Have yourself a retro little Christmas on CHCH TV

Sponsored Feature: CHCH

If you’ve been watching your favourite old TV shows on CHCH this year, and wondering why you haven’t come across any of the Christmas episodes … well, wonder no longer. It’s all part of the channel’s elaborate plan to pack the holidays with festive specials!

CHCH TV is inviting viewers to have themselves a Retro Little Christmas this year, screening two consecutive afternoon marathons of Christmas episodes from the most iconic shows in television history on Christmas Eve and Christmas Day. And it’s a project that’s been months in the planning.

“Last Christmas, our editing group saw an opportunity,” says Nick Bannard, marketing manager at Channel Zero, which owns the Hamilton station and programs the CHCH Retro block of vintage television shows between 10 am and 6 pm every weekday – where classic series like Bewitched, M*A*S*H, Hogan’s Heroes, Happy Days, Cheers, Hill Street Blues, St. Elsewhere and The Wonder Years air in sequence, in their entirety.

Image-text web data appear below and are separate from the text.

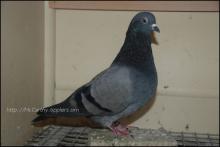 Hughes blue bar imported hen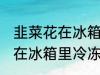 韭菜花在冰箱里冷冻能放多久 韭菜花在冰箱里冷冻可以放多长时间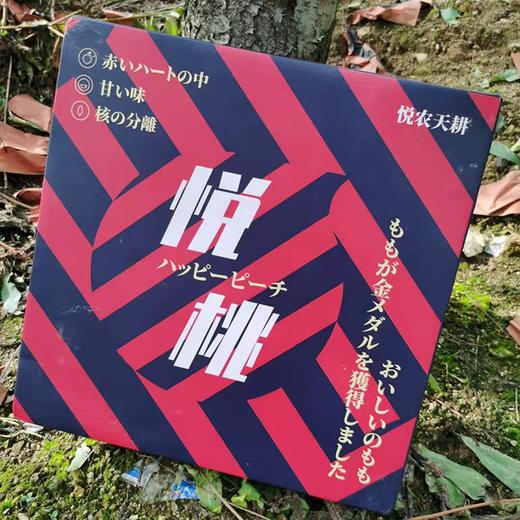 悦农天耕-悦桃 商品图1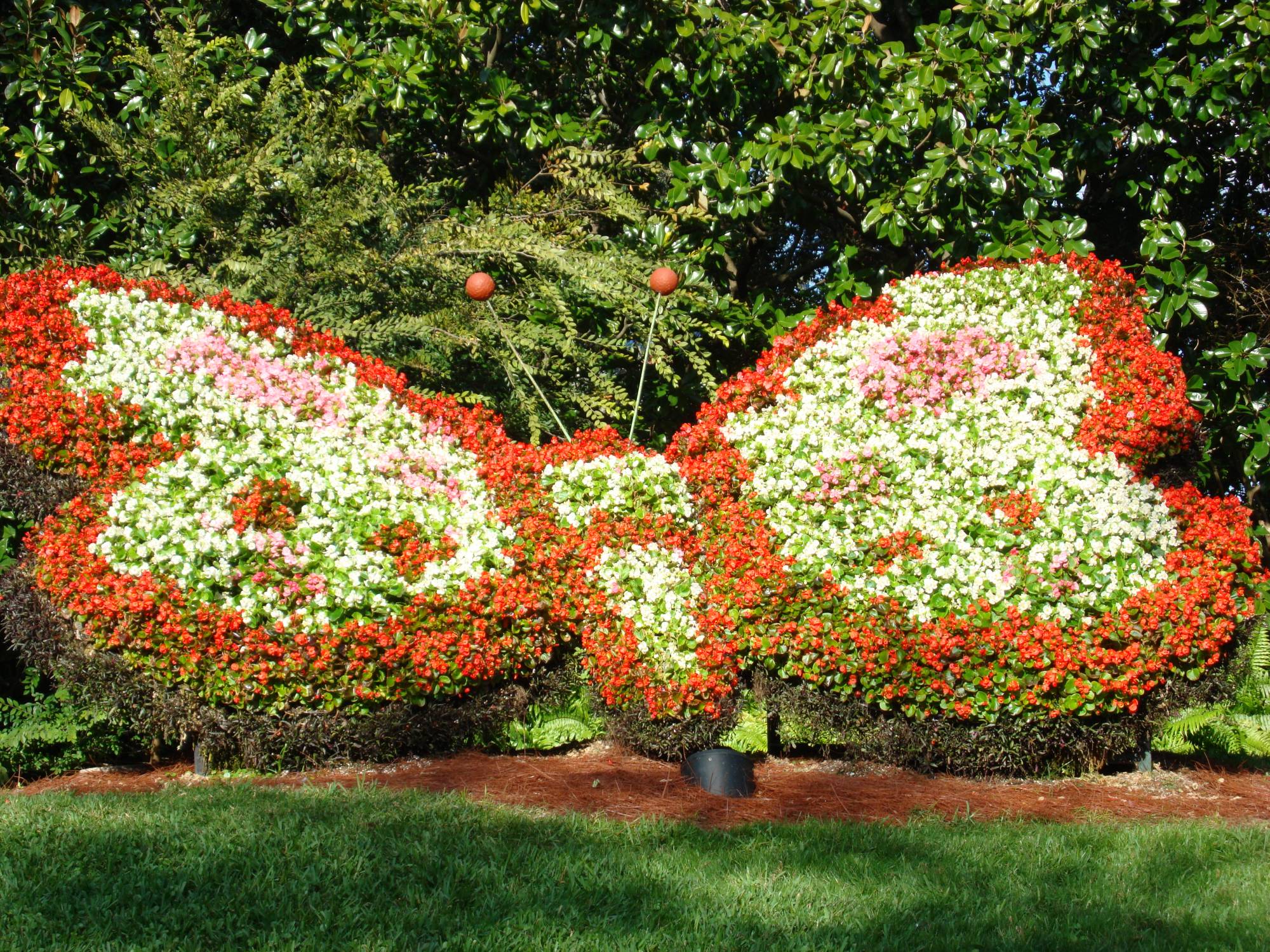 Busch Gardens Tampa - topiaries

But that introduced a problem.

“The majority of shows from these eras made special Christmas episodes,” Bannard explains, “but since we air those shows in sequence each weekday, the Christmas specials were spread out over the calendar.”

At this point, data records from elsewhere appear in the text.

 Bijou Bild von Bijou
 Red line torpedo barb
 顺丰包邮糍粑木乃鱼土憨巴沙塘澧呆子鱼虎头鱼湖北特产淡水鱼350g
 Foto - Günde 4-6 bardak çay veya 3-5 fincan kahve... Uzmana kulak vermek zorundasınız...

The programming and editing departments decided to find every holiday episode set to air in the 2019 season, quietly remove them from the schedule and save them for these special holiday marathons. And now, finally, viewers can binge on the retro seasonal goodness.

The December 24 marathon includes holiday episodes of Bewitched, One Day At A Time, The Jeffersons, Mork & Mindy, The Monkees and more, including two CHCH staff favourites: Laverne & Shirley’s Oh Hear The Angels’ Voices, from 1976 (“The ladies perform a stage version of Walking in a Winter Wonderland with slapstick humour like only they can”) and Happy Days’ Christmas Time, from 1978, in which Henry Winkler’s Fonzie receives a gift from his absent father: “It’s an emotional scene that shows a range of character not usually seen in the Fonz.”

The December 25 marathon features multiple episodes of The Jeffersons, The Facts Of Life and Good Times, as well as additional Laverne & Shirley, Bewitched and Happy Days holiday shows and another staff favourite: Cheers’ Christmas Cheers, from 1987: “Of course the bar is open on Christmas Eve! And Norm makes a memorable entrance as Santa.”

CHCH has also been running festive feature films in its 8 pm movie slot throughout the month of December – with a Die Hard movie every Sunday! – leading to the big holiday guns: Jim Carrey’s How The Grinch Stole Christmas on the evening of December 24, and Bill Murray’s Scrooged late night after all the presents are put away on December 25. 

Supervising editor Sean Linton, who created the Retro Little Christmas promotional spots, had to sift through every one of the episodes looking for perfect moments. 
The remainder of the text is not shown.